Badai Industri Tekstil, Pengusaha Konveksi Minta Ada RUU Khusus

ANTARA FOTO/Oky Lukmansyah/hp.
Ilustrasi. Pemerintah berencana menyiapkan karpet merah ke dalam negeri bagi dua pabrik tekstil asal Cina.
Penulis: Andi M. Arief
Editor: Agustiyanti
27/6/2024, 15.06 WIB

Ikatan Pengusaha Konveksi Berkarya atau IPKB mendorong pemerintah untuk membentuk lembaga khusus tekstil di dalam negeri melalui penerbitan Undang-Undang Tekstil. Hal tersebut dinilai penting sebab total tenaga kerja di industri tekstil mencapai 9 juta orang.

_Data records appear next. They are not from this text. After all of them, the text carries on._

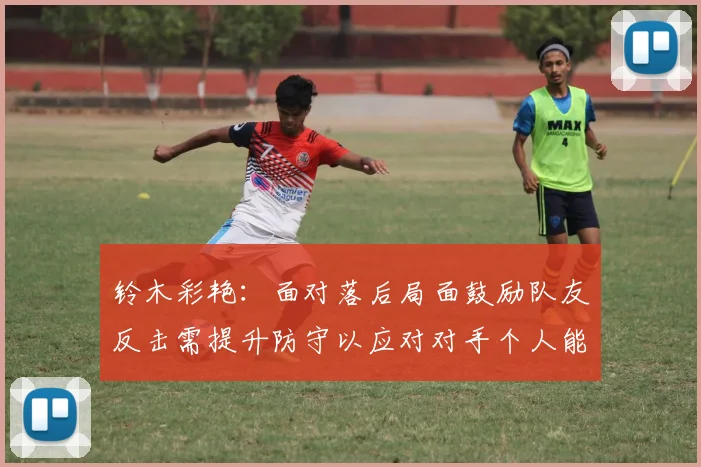 铃木彩艳：面对落后局面鼓励队友反击需提升防守以应对对手个人能力
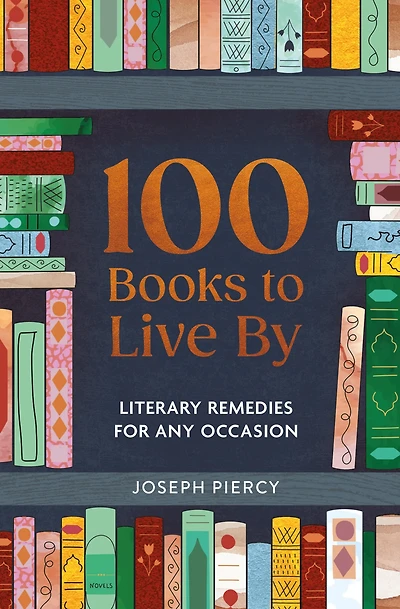 100 Books to Live By : Literary Remedies for Any Occasion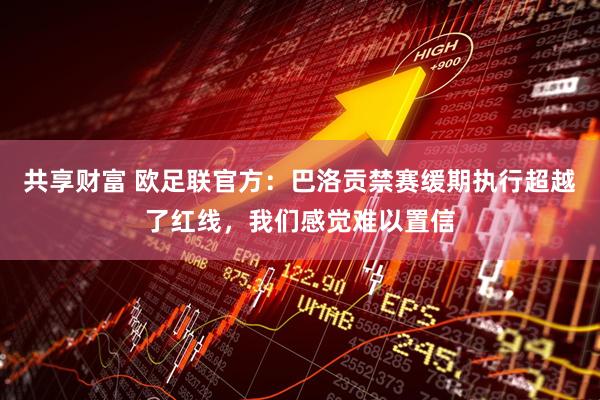 共享财富 欧足联官方:巴洛贡禁赛缓期执行超越了红线,我们感觉难以置信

Ketua Umum IPKB Nandi Herdiaman mengatakan industri tekstil sejauh ini hanya ditangani oleh pejabat setingkat direktur, yakni Direktur Industri Tekstil, Kulit, dan Alas Kaki Kementerian Perindustrian. Nandi menilai hal tersebut tidak seimbang dengan kontribusi industri tekstil ke perekonomian negara.

"Ada 9 juta orang yang bergantung pada industri tekstil, selain itu kami juga penyumbang devisa negara," kata Nandi di Jakarta Pusat, Kamis (27/6).

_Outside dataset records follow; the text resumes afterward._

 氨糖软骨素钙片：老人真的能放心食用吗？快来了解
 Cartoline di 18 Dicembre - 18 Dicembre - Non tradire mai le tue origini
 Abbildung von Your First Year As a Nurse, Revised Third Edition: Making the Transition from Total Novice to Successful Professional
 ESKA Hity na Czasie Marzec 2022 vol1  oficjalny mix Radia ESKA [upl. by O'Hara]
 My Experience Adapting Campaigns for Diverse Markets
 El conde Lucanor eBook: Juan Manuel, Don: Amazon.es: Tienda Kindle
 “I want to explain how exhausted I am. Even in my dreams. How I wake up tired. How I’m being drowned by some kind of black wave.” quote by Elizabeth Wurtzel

Badan Pusat Statistik mendata, kontribusi industri tekstil dan pakaian jadi ke pertumbuhan ekonomi kuartal pertama tahun ini mencapai 2,64%. Nandi menilai, pembentukan aturan dan lembaga khusus tekstil menjadi penting lantaran akan ada dua investasi tekstil besar asal Cina yang akan masuk.

Ia mengaku menyambut inisiasi tersebut lantaran dapat menggenjot penyerapan tenaga kerja di bidang tekstil.

Menteri Koordinator Bidang Kemaritiman dan Investasi Luhut Binsar Pandjaitan berencana menyiapkan karpet merah ke dalam negeri bagi dua pabrik tekstil asal Cina. Kedua pabrikan tersebut merupakan pabrik yang memproduksi garmen untuk beberapa merek ternama, seperti Nike, Adidas, Puma, hingga Uniqlo.

Total tenaga kerja yang dapat diserap dari dua investasi pabrik tekstil tersebut mencapai 108.000 orang dan akan berlokasi di Sukoharjo, Jawa Tengah. Adapun kedua pabrik tekstil asal Negeri Panda menargetkan nilai ekspor tekstil hingga US$ 18 miliar.

"Kalau dua pabrik tekstil asal Cina beroperasi di sini bagus, karena dapat bersaing dengan kami dan menciptakan lapangan kerja. Namun pabrikan tersebut harus mengikuti aturan di dalam negeri," katanya.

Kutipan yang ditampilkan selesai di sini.